L'orée d'un bois, une cabane

Récitant : Il y a longtemps tellement longtemps, qu'on ne se souvient plus de la date. Dans une vallée désolée, sans âme qui vive. Un pauvre moine prêcheur égaré s'adosse au tronc d'un arbre et prie le Seigneur.

Le Prêcheur sort du bois

Prêcheur : Ô, Seigneur, pourquoi m'abandonner ainsi ? J'ai marché, marché pendant des jours et des jours, je suis épuisé. Ma pauvre mule est tombée dans une gorge profonde, elle a souffert, je l'ai bénie. Je me suis égaré dans la forêt hostile. Je n'ai rien bu rien mangé, je n'en peux plus. Ô, Seigneur, pourquoi m'abandonner ainsi ? Je n'ai plus rien que ma foi !
Récitant : Le pauvre s'est évanoui.
Sorcière, de la cabane : File, file la douce laine, file, file mon vieux rouet, file, file la douce laine, file, file, entre mes doigts.
Prêcheur : Je délire, j'entends une voix.
Sorcière : File, file la douce laine, file, file mon vieux rouet, File, file la douce laine, file, file, entre mes doigts. Oh! j'entends une plainte Oh! le pauvre homme !
Prêcheur : A boire
Sorcière : Je vais vous soigner.

Elle l'emmène dans la cabane

Récitant : Et le destin va tisser sa toile autour d'eux.
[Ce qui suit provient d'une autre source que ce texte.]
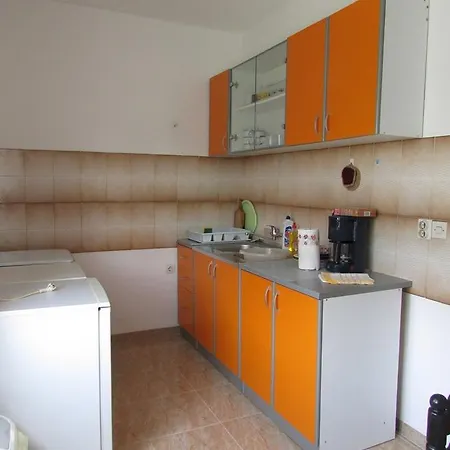 Mirela House With Apartment *
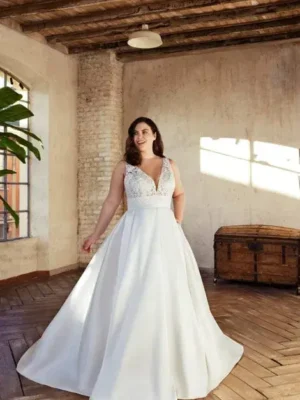 Robe Teddi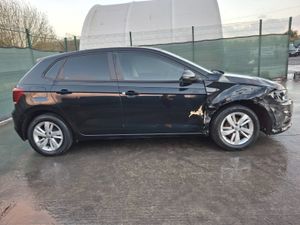 192 Volkswagen Polo Trendline 1.0 Petrol - Image 3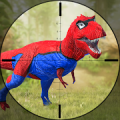 侏罗纪恐龙狩猎狙击(Wild Animal Hunting) v1.32 安卓版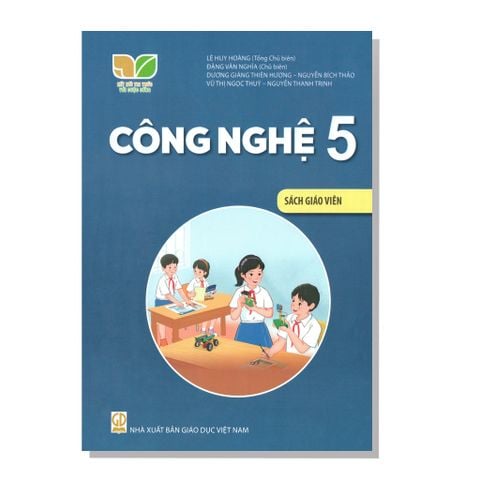 SGV Công Nghệ 5
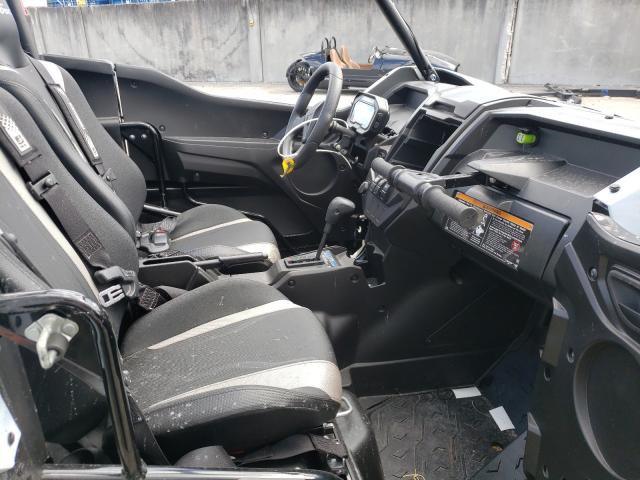 2020 KAWASAKI KRF 1000 A JKARFCA19LB502555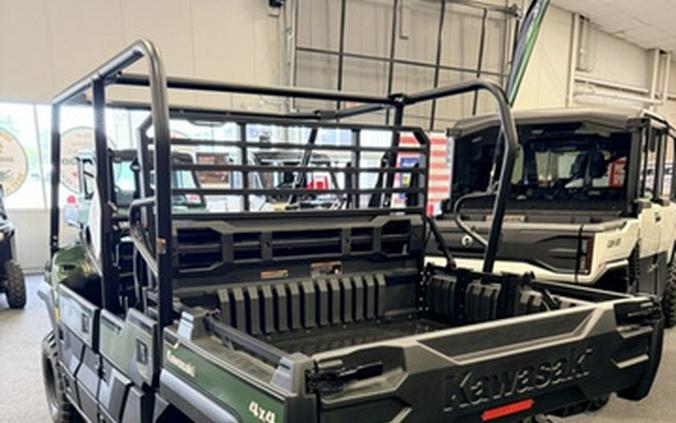2026 Kawasaki Mule PRO-FXT 820 EPS
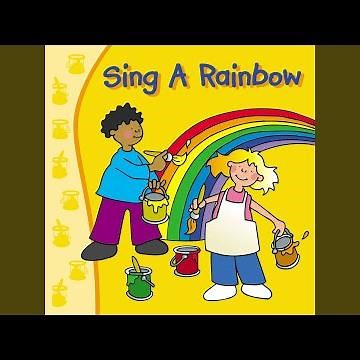 I Can Sing a Rainbow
R : Pendant des heures et des heures, il est resté entre la vie et la mort. Elle l'a soigné comme la mère soigne son enfant.

A l'intérieur de la cabane

P : Où suis-je ?
S : Ne bougez pas, vous êtes guéri.
P : Qui êtes-vous ?
S : Une sorcière.
P : Une sorcière ! Vous n'avez pas le nez crochu, pas de pustules sur le visage, vous n'êtes même pas édentée, pas de crapauds autour de vous !
S : Depuis longtemps dans ce village ma mère soignait les pauvres gens et je l'aidais le plus souvent. Hélas un jour un homme est mort. On l'accusa de sorcellerie, d'être possédée du démon, fut torturée et condamnée au bûcher. Je me suis enfuie dans la montagne. Un vieux berger, que ma mère avait sauvé, m'a cachée. Quand je revins au village, les habitants s'étaient enfuis et les soldats avaient tout brûlé. Rien, rien, il ne restait rien, que cette cabane.
P : Je vais prier pour le salut de votre mère, priez avec moi.
S : Non, je ne le peux pas, je ne suis pas de votre religion, j'appartiens au Judaïsme

Il s'agenouille et prie

R : Le destin les tient tous deux, au fond de sa nasse et ils ne pourront plus s'en échapper. A moins qu'un miracle ne se produise soudainement. Mais quel miracle serait encor possible, je n'en vois qu'un, bien sûr, c'est l'amour.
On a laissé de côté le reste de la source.